Discovering the Waldorf Pentathlon: An Overview May 20 2015, 0 Comments


All across North America during the month of May Waldorf schools gather fifth graders for the annual Pentathlon. Three to seven different schools’ fifth grade classes gather at one hosting Waldorf school to compete in this annual celebration of fifth grade grace, skill, and determination, as a crowning salute to the curriculum of the fifth grade in Waldorf schools around the world. We owe gratitude to the “Spacial Dynamics Movement” for developing this rewarding tradition that gives schools a day of social interaction as well as affirmation of the curriculum, specifically Greek history. It offers a once in a lifetime experience to children from the cradle of our Western civilization.

A Pentathlon by definition is an event that comprises five athletic components.

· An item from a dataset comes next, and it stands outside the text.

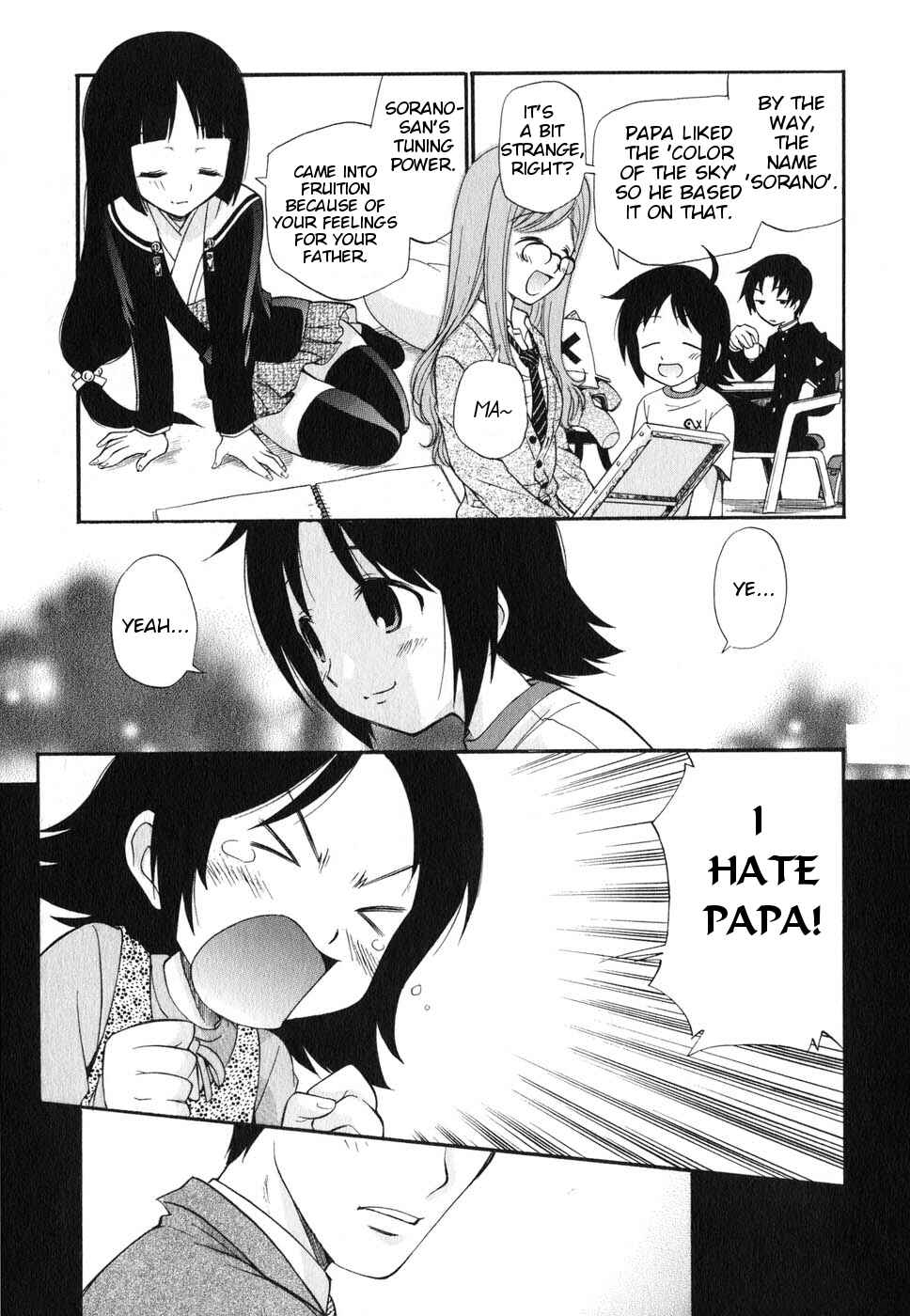 Page 12 Chapter 5 Kanatas Sky!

Most Waldorf Pentathlons include: the long jump; the javelin throw; the discus throw; wrestling; and a relay race. The community of fifth graders are mixed and sorted in to four city-states: Sparta, Corinth; Athens; and Thebes (or, in the case of the Ithaca Waldorf School, Ithaca instead of Thebes).
As with all aspects of the Waldorf school curriculum, this event is designed to take advantage of the peak moment of a child’s development.   At age 11 or 12, in the fifth grade, children experience the height of childhood, just before the symptoms of puberty begin to ripen and while child-like activities are still interesting to students. The study of the history of human beings on the earth turns clearly in grade five from story, legend, and mythology, to written history – the Peloponnesian Wars, for example.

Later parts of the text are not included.